The country’s opposition in exile – the People’s Mojahedin of Iran PMOI/Mek – had called for a boycott of the poll, and yesterday it distributed hundreds of videos showing apparently empty polling stations.

In one, the mother of murdered protester Vahid Damvar, said: “People of #Iran wake up! Raisi is a murderer and has been killing since 1982.”

Mahboubeh Ramezani, whose son was among 1500 peaceful protesters killed by Iran's regime in 2019, said: “We mothers will bring about your overthrown. My vote as a mother is regime change.”

Khamenei cast the ceremonial vote from Tehran, where he urged people to vote: “Through the participation of the people the country and the Islamic ruling system will win great points in the international arena, but the ones who benefit first are the people themselves. Go ahead, choose and vote.”

Raisi later voted at a mosque in southern Tehran and acknowledged afterwards that some people may be “so upset that they don't want to vote”.

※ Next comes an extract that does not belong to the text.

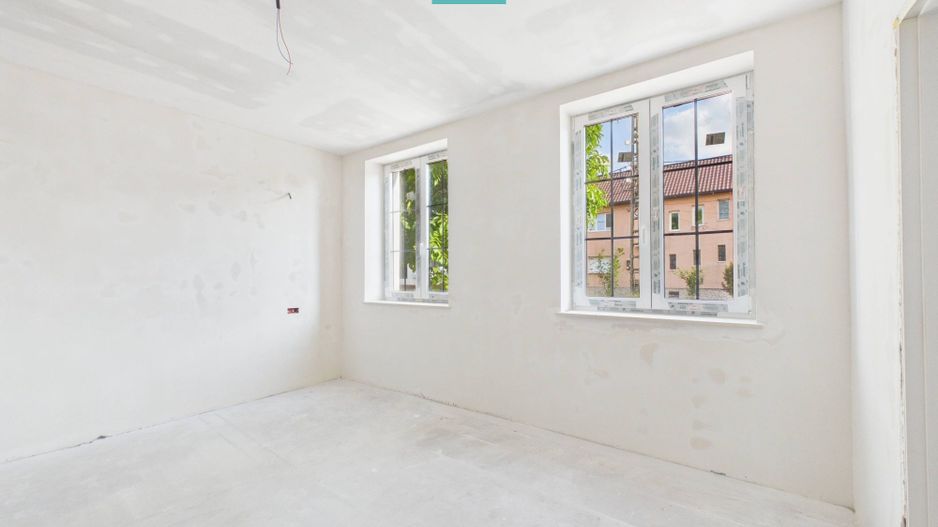 Apartament la casă în Pârneava - Poză 6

He added: “I beg everyone, the lovely youths, and all Iranian men and women speaking any accent or language from any region and with any political views, to go and vote and cast their ballots.”

A leaflet handed out to some voters warned: “If we do not vote: Sanctions will be heavier, the US and Israel will be encouraged to attack Iran.

“Iran will be under shadow of a Syrian-style civil war and the ground will be ready for assassination of scientists and important figures.